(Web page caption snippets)
——————
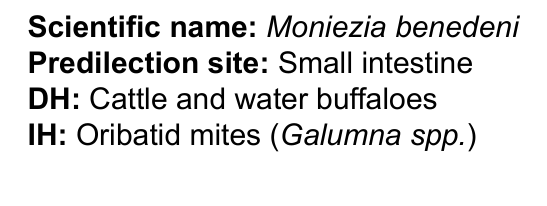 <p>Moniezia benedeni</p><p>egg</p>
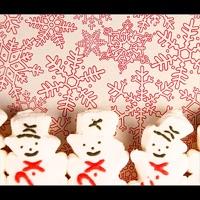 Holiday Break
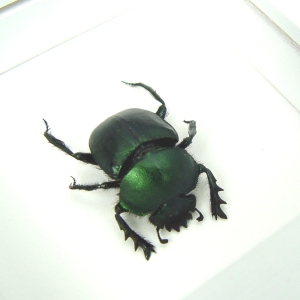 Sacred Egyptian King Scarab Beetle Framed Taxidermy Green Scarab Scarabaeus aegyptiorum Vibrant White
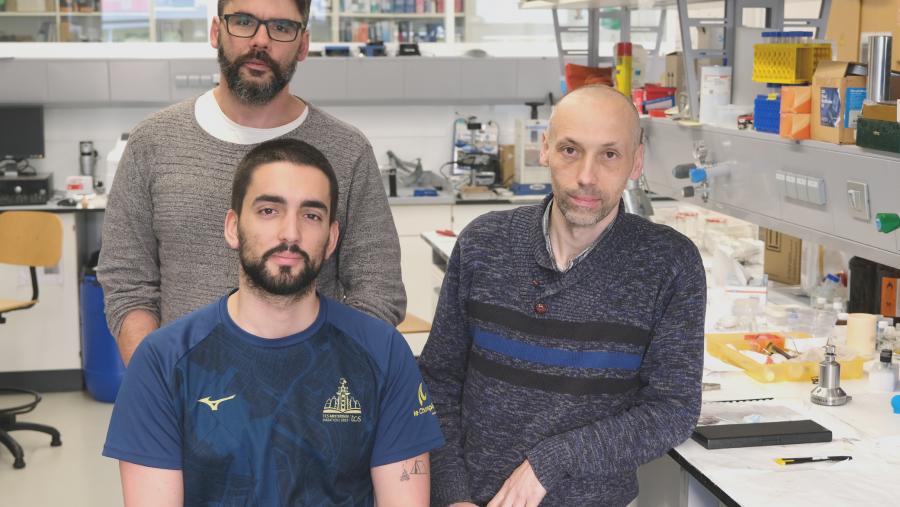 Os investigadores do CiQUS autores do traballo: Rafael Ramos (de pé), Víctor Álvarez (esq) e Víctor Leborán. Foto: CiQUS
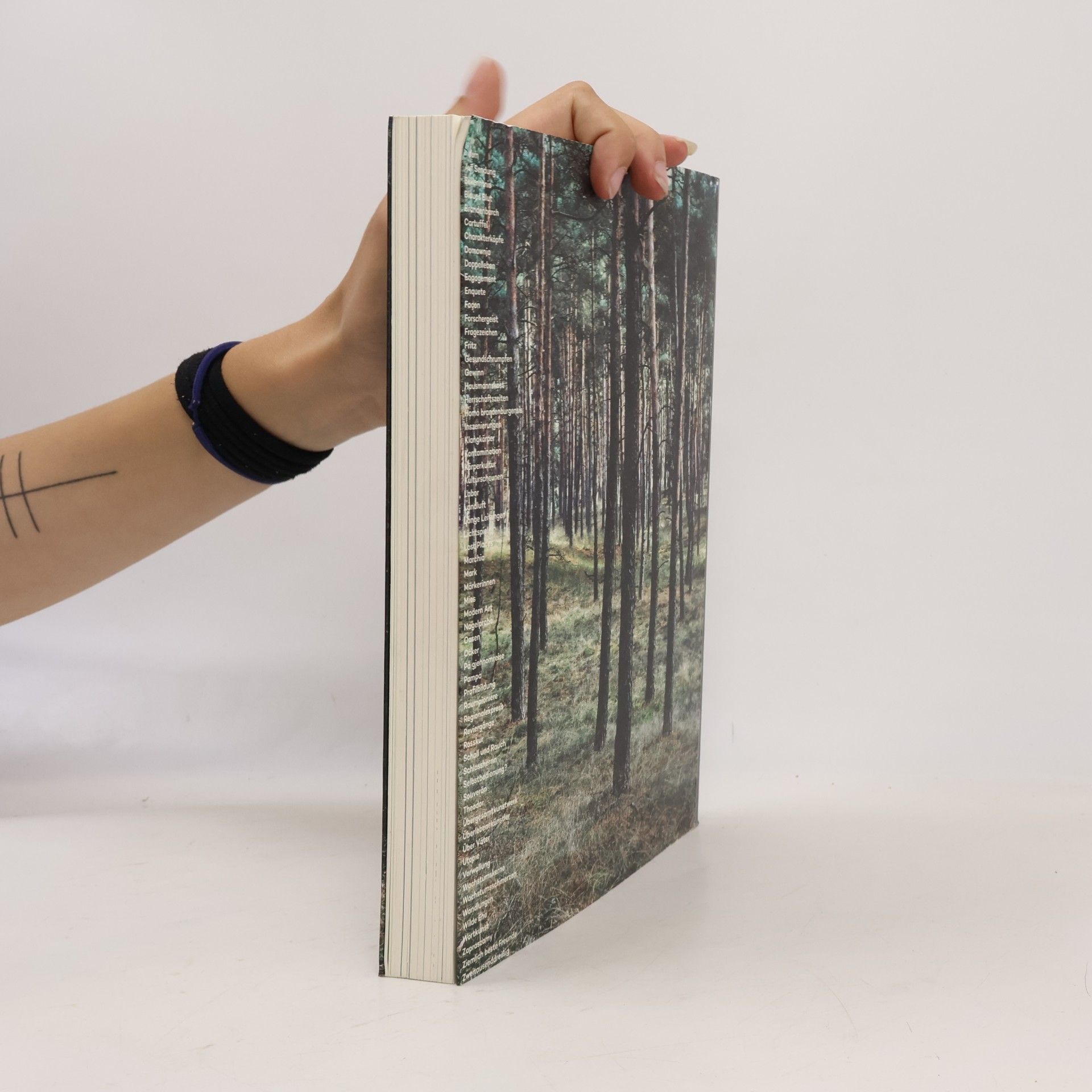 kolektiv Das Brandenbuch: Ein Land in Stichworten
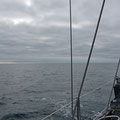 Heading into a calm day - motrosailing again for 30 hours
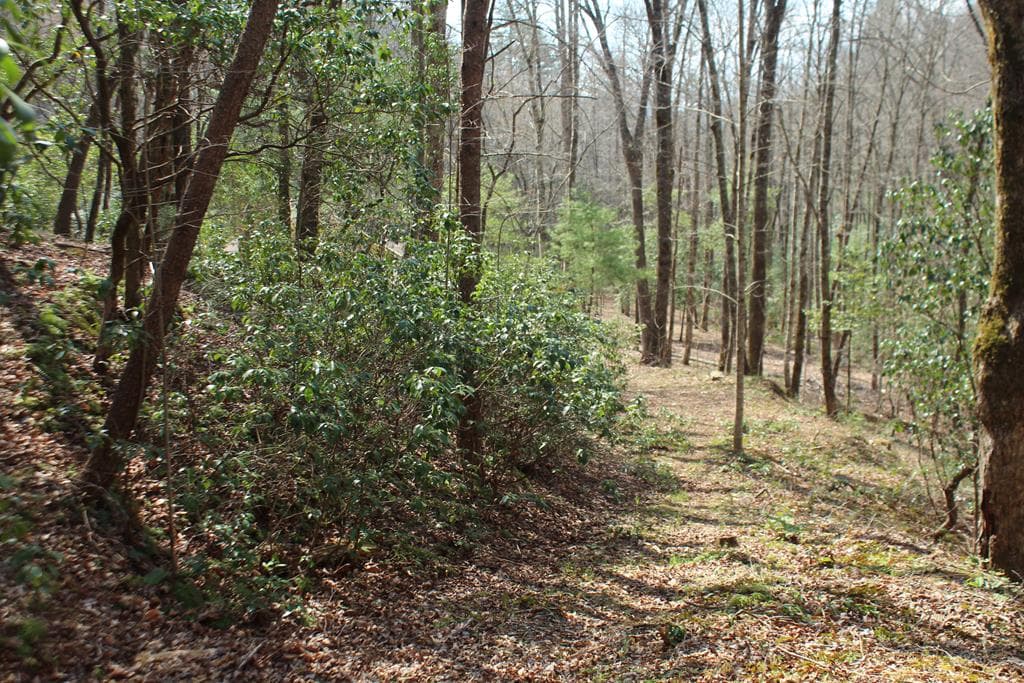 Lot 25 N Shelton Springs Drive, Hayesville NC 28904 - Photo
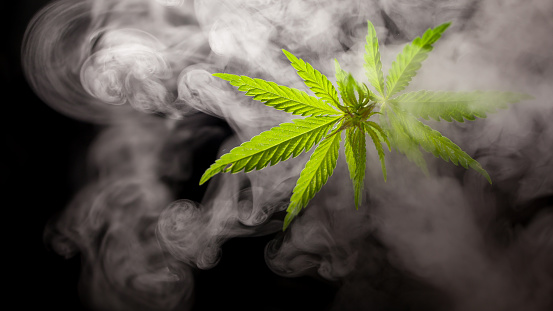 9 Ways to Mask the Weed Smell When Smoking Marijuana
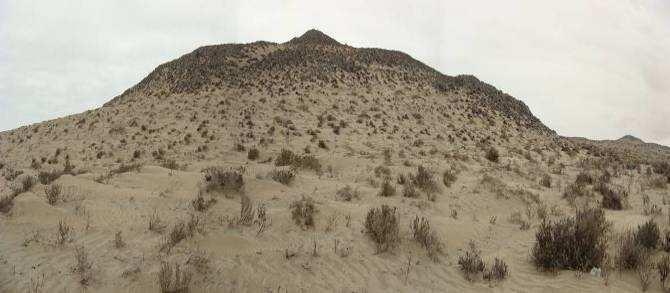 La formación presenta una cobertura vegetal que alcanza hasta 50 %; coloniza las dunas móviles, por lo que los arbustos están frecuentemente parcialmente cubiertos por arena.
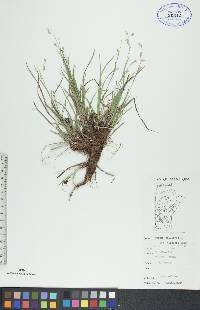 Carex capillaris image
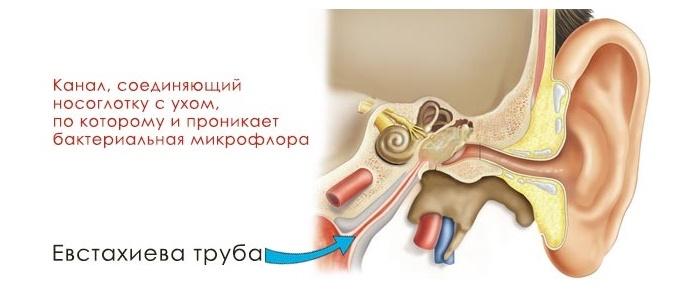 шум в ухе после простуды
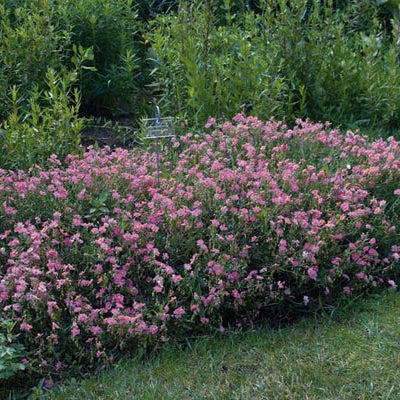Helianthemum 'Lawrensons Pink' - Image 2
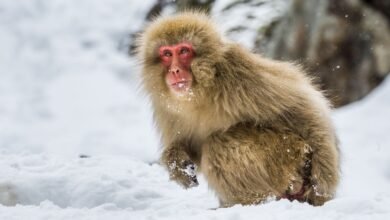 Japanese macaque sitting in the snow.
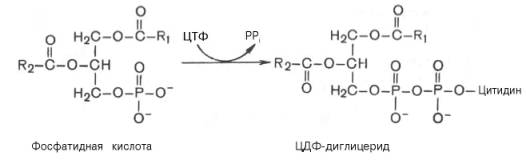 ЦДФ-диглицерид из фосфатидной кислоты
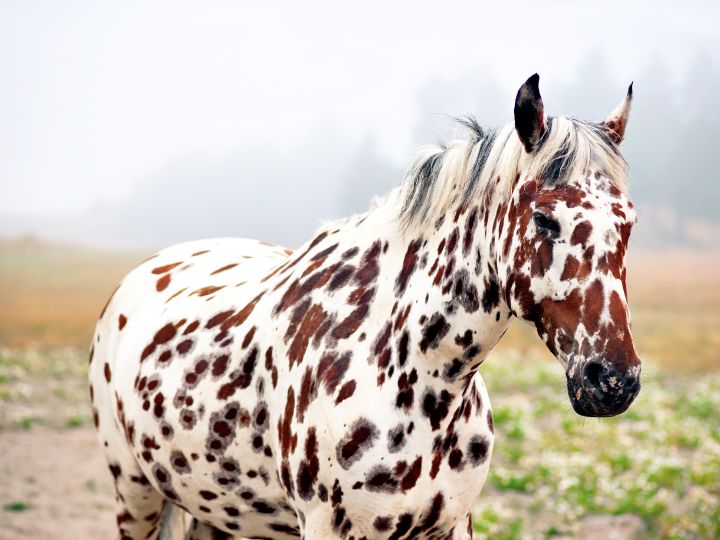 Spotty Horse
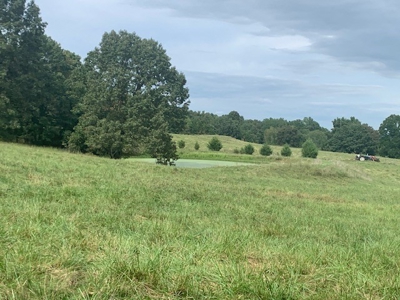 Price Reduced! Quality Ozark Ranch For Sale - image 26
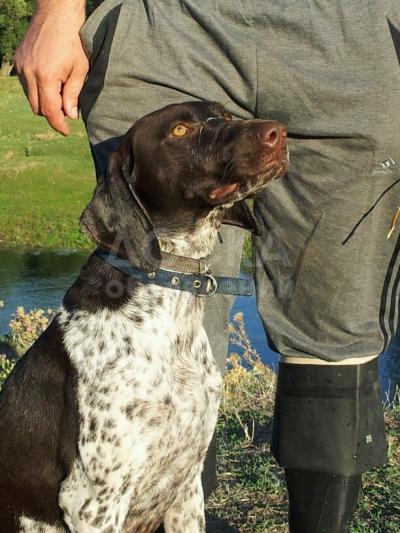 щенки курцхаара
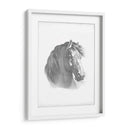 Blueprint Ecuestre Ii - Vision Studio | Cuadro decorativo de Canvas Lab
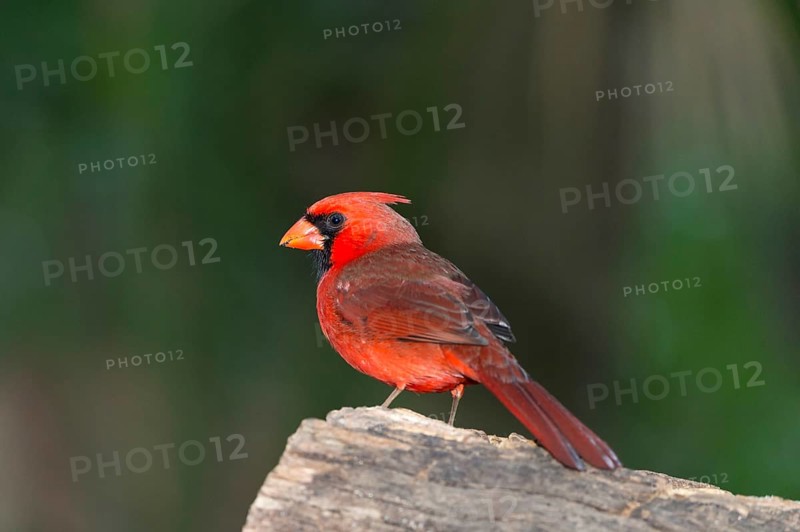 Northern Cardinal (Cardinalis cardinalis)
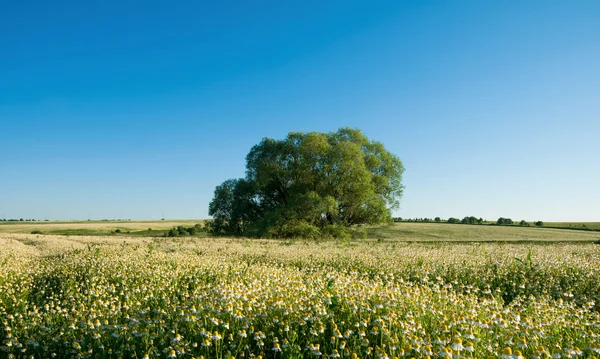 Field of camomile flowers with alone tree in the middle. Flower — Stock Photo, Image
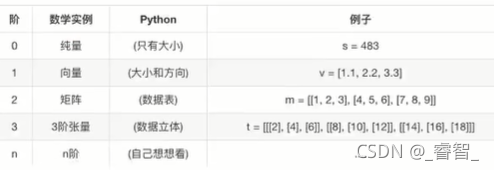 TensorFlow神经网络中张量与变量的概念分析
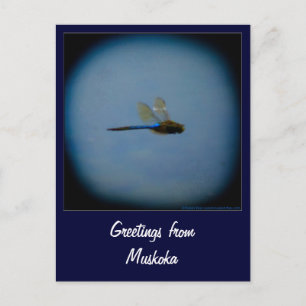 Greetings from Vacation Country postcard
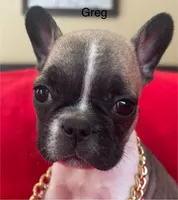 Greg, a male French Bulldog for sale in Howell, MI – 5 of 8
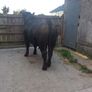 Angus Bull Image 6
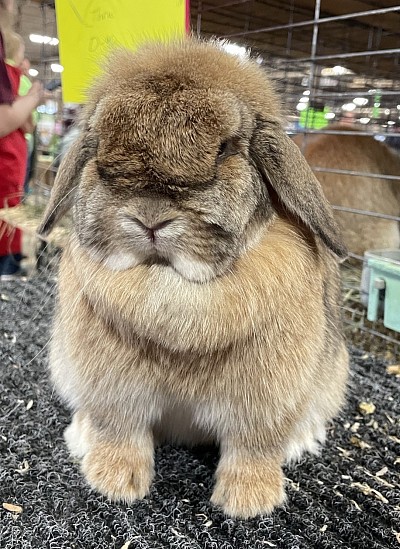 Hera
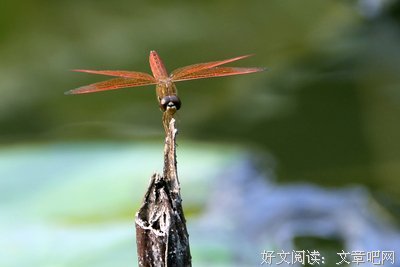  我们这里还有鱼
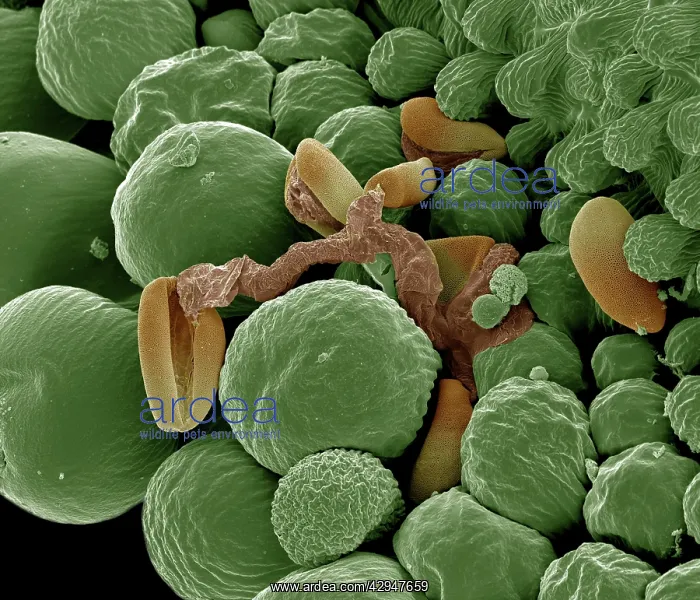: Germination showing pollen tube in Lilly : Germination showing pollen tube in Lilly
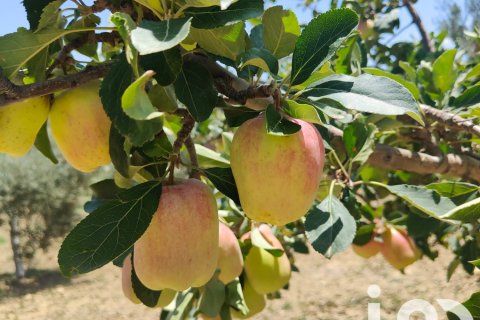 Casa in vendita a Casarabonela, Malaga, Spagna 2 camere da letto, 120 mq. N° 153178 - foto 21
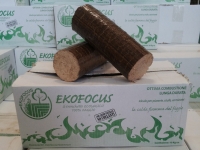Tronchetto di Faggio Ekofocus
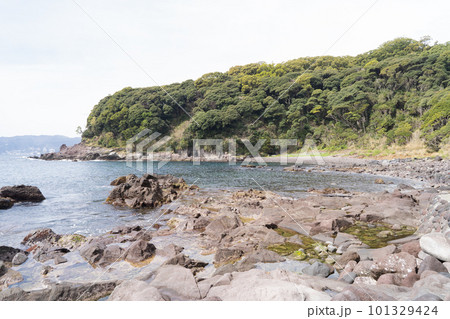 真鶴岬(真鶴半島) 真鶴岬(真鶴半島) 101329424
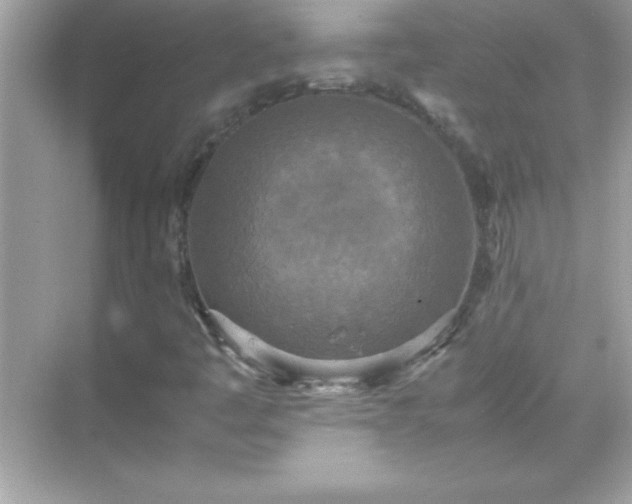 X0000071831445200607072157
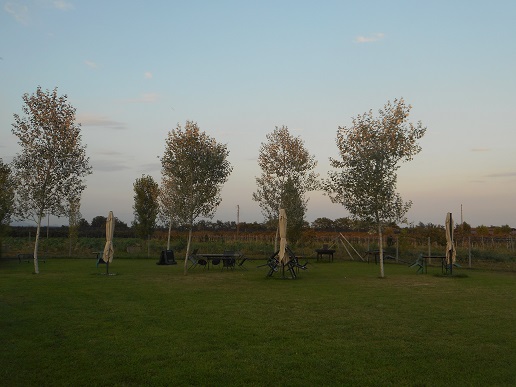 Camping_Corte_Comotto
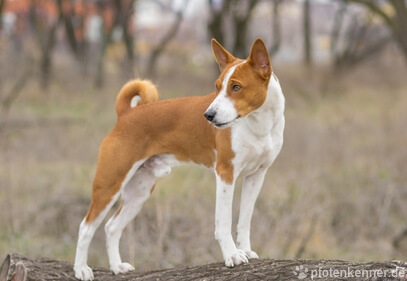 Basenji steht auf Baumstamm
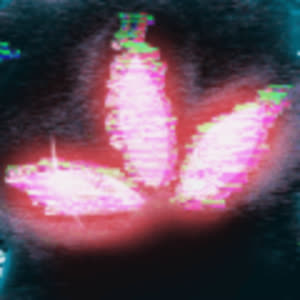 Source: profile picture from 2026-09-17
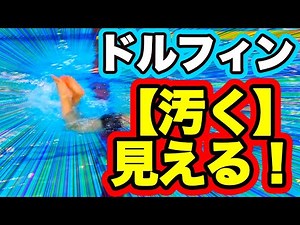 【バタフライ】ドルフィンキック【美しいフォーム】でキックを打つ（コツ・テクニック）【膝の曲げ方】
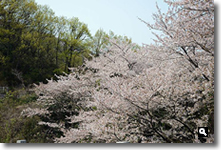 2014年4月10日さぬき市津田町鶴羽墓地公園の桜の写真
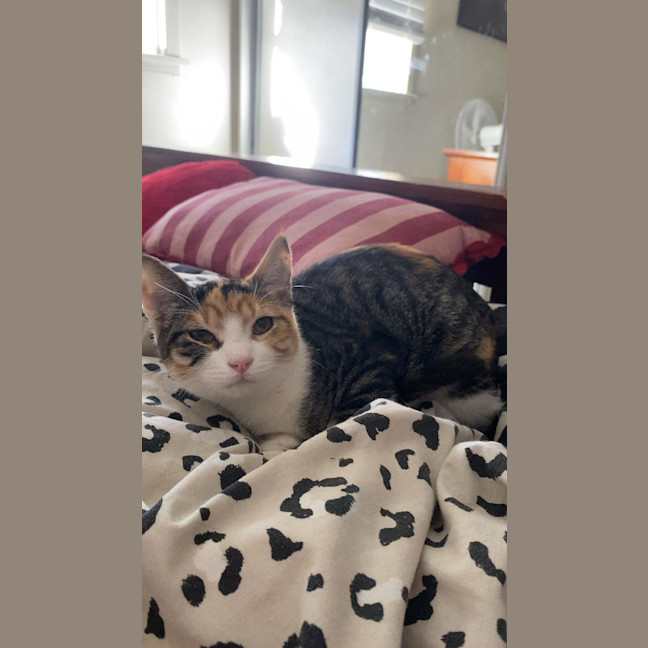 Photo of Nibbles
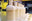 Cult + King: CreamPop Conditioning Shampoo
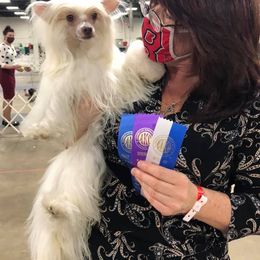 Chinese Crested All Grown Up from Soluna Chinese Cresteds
——————
• **Your task**: The result should be a precise copy of all the entries, free of pictures.

• **Response to the task**:
 <p>Moniezia benedeni</p><p>egg</p>
 Holiday Break
 Sacred Egyptian King Scarab Beetle Framed Taxidermy Green Scarab Scarabaeus aegyptiorum Vibrant White
 Os investigadores do CiQUS autores do traballo: Rafael Ramos (de pé), Víctor Álvarez (esq) e Víctor Leborán. Foto: CiQUS
 kolektiv Das Brandenbuch: Ein Land in Stichworten
 Heading into a calm day - motrosailing again for 30 hours
 Lot 25 N Shelton Springs Drive, Hayesville NC 28904 - Photo
 9 Ways to Mask the Weed Smell When Smoking Marijuana
 La formación presenta una cobertura vegetal que alcanza hasta 50 %; coloniza las dunas móviles, por lo que los arbustos están frecuentemente parcialmente cubiertos por arena.
 Carex capillaris image
 шум в ухе после простуды
Helianthemum 'Lawrensons Pink' - Image 2
 Japanese macaque sitting in the snow.
 ЦДФ-диглицерид из фосфатидной кислоты
 Spotty Horse
 Price Reduced! Quality Ozark Ranch For Sale - image 26
 щенки курцхаара
 Blueprint Ecuestre Ii - Vision Studio | Cuadro decorativo de Canvas Lab
 Northern Cardinal (Cardinalis cardinalis)
 Field of camomile flowers with alone tree in the middle. Flower — Stock Photo, Image
 TensorFlow神经网络中张量与变量的概念分析
 Greetings from Vacation Country postcard
 Greg, a male French Bulldog for sale in Howell, MI – 5 of 8
 Angus Bull Image 6
 Hera
  我们这里还有鱼
: Germination showing pollen tube in Lilly : Germination showing pollen tube in Lilly
 Casa in vendita a Casarabonela, Malaga, Spagna 2 camere da letto, 120 mq. N° 153178 - foto 21
Tronchetto di Faggio Ekofocus
 真鶴岬(真鶴半島) 真鶴岬(真鶴半島) 101329424
 X0000071831445200607072157
 Camping_Corte_Comotto
 Basenji steht auf Baumstamm
 Source: profile picture from 2026-09-17
 【バタフライ】ドルフィンキック【美しいフォーム】でキックを打つ（コツ・テクニック）【膝の曲げ方】
 2014年4月10日さぬき市津田町鶴羽墓地公園の桜の写真
 Photo of Nibbles
 Cult + King: CreamPop Conditioning Shampoo
 Chinese Crested All Grown Up from Soluna Chinese Cresteds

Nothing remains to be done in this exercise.